Even long-dead elephants can't catch a break from the ivory trade.

Early yesterday morning, a man broke into Paris's Museum of Natural History and used a chainsaw to cut off the tusk of a 325-year-old elephant skeleton before being caught shortly afterward by police. Neighbors of the museum called police after hearing a "a strange sawing sound at around 3am" (that would be the chainsaw). When police arrived, they found the thief, who was in his 20s, desperately trying to scale a wall while carrying a tusk, having left the still-whirring chainsaw next to the elephant skeleton. The thief fractured his ankle during his would-be escape.

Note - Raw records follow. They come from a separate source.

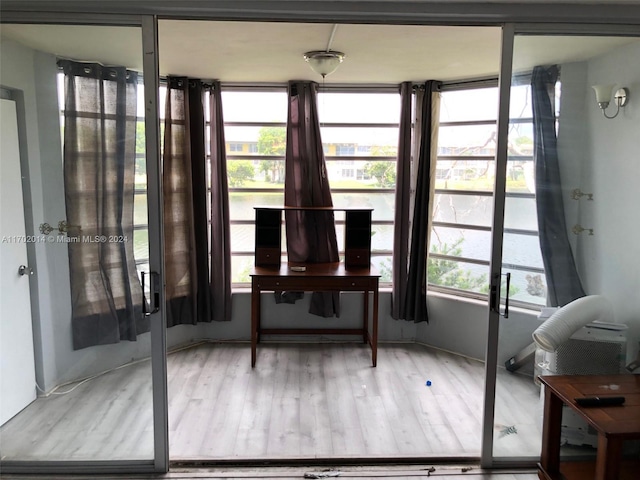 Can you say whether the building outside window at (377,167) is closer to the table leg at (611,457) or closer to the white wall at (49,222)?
the white wall at (49,222)

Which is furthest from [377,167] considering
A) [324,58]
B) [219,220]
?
[324,58]

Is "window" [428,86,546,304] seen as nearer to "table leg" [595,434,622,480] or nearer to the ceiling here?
the ceiling

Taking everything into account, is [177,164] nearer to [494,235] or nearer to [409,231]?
[409,231]

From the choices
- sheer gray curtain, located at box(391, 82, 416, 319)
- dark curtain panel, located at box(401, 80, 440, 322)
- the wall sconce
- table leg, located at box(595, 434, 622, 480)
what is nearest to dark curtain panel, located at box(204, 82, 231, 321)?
sheer gray curtain, located at box(391, 82, 416, 319)

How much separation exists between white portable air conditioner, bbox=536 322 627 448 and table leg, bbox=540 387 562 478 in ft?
0.62

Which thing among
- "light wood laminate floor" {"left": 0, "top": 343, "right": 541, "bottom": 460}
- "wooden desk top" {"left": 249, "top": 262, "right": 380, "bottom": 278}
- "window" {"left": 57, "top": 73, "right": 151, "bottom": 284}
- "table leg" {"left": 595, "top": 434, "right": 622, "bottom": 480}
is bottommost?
"light wood laminate floor" {"left": 0, "top": 343, "right": 541, "bottom": 460}

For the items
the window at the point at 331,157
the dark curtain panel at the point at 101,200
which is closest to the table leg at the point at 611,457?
the dark curtain panel at the point at 101,200

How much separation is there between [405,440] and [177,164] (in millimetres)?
2944

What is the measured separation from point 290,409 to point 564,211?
2.09 meters

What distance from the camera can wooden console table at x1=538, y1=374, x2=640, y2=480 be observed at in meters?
2.06

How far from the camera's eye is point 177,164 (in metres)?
4.56

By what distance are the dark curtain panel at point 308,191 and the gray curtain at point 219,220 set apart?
560 millimetres

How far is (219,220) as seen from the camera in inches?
186

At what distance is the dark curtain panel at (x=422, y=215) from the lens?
4.57 meters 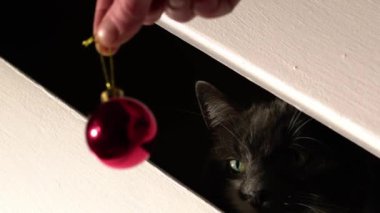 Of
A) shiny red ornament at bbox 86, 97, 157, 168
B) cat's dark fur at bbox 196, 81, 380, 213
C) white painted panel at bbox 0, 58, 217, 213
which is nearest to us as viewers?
shiny red ornament at bbox 86, 97, 157, 168

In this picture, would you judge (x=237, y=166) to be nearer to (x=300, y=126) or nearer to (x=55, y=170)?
(x=300, y=126)

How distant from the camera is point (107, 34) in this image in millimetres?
378

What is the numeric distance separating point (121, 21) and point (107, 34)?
0.5 inches

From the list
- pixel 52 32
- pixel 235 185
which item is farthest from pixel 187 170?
pixel 52 32

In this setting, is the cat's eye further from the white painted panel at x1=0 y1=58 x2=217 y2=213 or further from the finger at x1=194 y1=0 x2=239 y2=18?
the finger at x1=194 y1=0 x2=239 y2=18

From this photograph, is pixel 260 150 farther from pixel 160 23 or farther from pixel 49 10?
pixel 49 10

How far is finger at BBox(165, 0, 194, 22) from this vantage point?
1.41ft

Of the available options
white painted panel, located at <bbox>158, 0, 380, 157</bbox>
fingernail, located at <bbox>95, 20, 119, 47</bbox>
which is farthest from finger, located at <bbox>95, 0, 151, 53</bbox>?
white painted panel, located at <bbox>158, 0, 380, 157</bbox>

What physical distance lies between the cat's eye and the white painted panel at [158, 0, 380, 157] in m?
0.10

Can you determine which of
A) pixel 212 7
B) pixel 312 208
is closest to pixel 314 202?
pixel 312 208

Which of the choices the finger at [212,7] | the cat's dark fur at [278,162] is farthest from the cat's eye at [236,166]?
the finger at [212,7]

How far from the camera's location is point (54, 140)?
82cm

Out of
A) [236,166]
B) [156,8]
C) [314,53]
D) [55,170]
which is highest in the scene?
[156,8]

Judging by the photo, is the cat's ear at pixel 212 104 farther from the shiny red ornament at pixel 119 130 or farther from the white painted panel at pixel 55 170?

The elephant itself had once belonged to King Louis XIV, after it was given to him by a Portuguese king in 1668. It was a popular attraction for visiting nobles while it roamed the grounds of Versailles.

Ivory-theft at cultural institutions has seen a recent surge as of late, the Guardian explains:

There has been a spate of thefts of rhino horns and elephant tusks from European museums, zoos and auction houses in recent years, amid a rising illegal trade in poached or stolen ivory. On the black market an elephant tusk can fetch hundreds of pounds per kilogramme, with rhino horns fetching considerably more. The international trade in elephant ivory has been outlawed since 1990 after a sharp decline in elephant populations.

In response to the thefts, several European museums have replaced rhino horns and tusks with replicas. The tusk almost-stolen was a replacement itself, albeit still made of ivory.